WORK REQUIRED.
Please repeat exactly the lines below from the line with "รถยนต์มือสอง Toyota Prius" to the line with "Legong Keraton Beach Hotel", including both, and leave out every picture.

RECORDS PROVIDED.
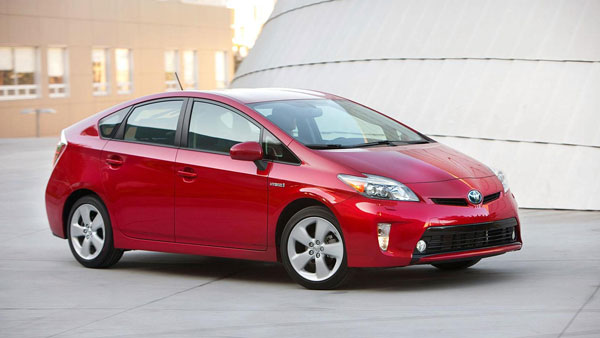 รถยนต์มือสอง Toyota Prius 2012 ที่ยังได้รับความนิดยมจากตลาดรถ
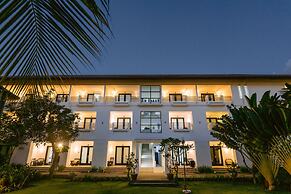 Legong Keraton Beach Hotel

==

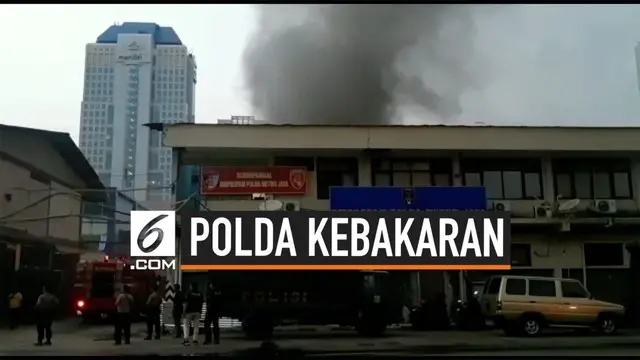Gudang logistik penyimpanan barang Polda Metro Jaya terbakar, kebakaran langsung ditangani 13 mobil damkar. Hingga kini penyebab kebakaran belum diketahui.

---

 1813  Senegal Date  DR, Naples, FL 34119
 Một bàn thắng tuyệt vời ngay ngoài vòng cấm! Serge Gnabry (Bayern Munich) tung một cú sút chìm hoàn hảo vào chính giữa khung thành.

RESPONSE FOR THIS EXERCISE.
 รถยนต์มือสอง Toyota Prius 2012 ที่ยังได้รับความนิดยมจากตลาดรถ
 Legong Keraton Beach Hotel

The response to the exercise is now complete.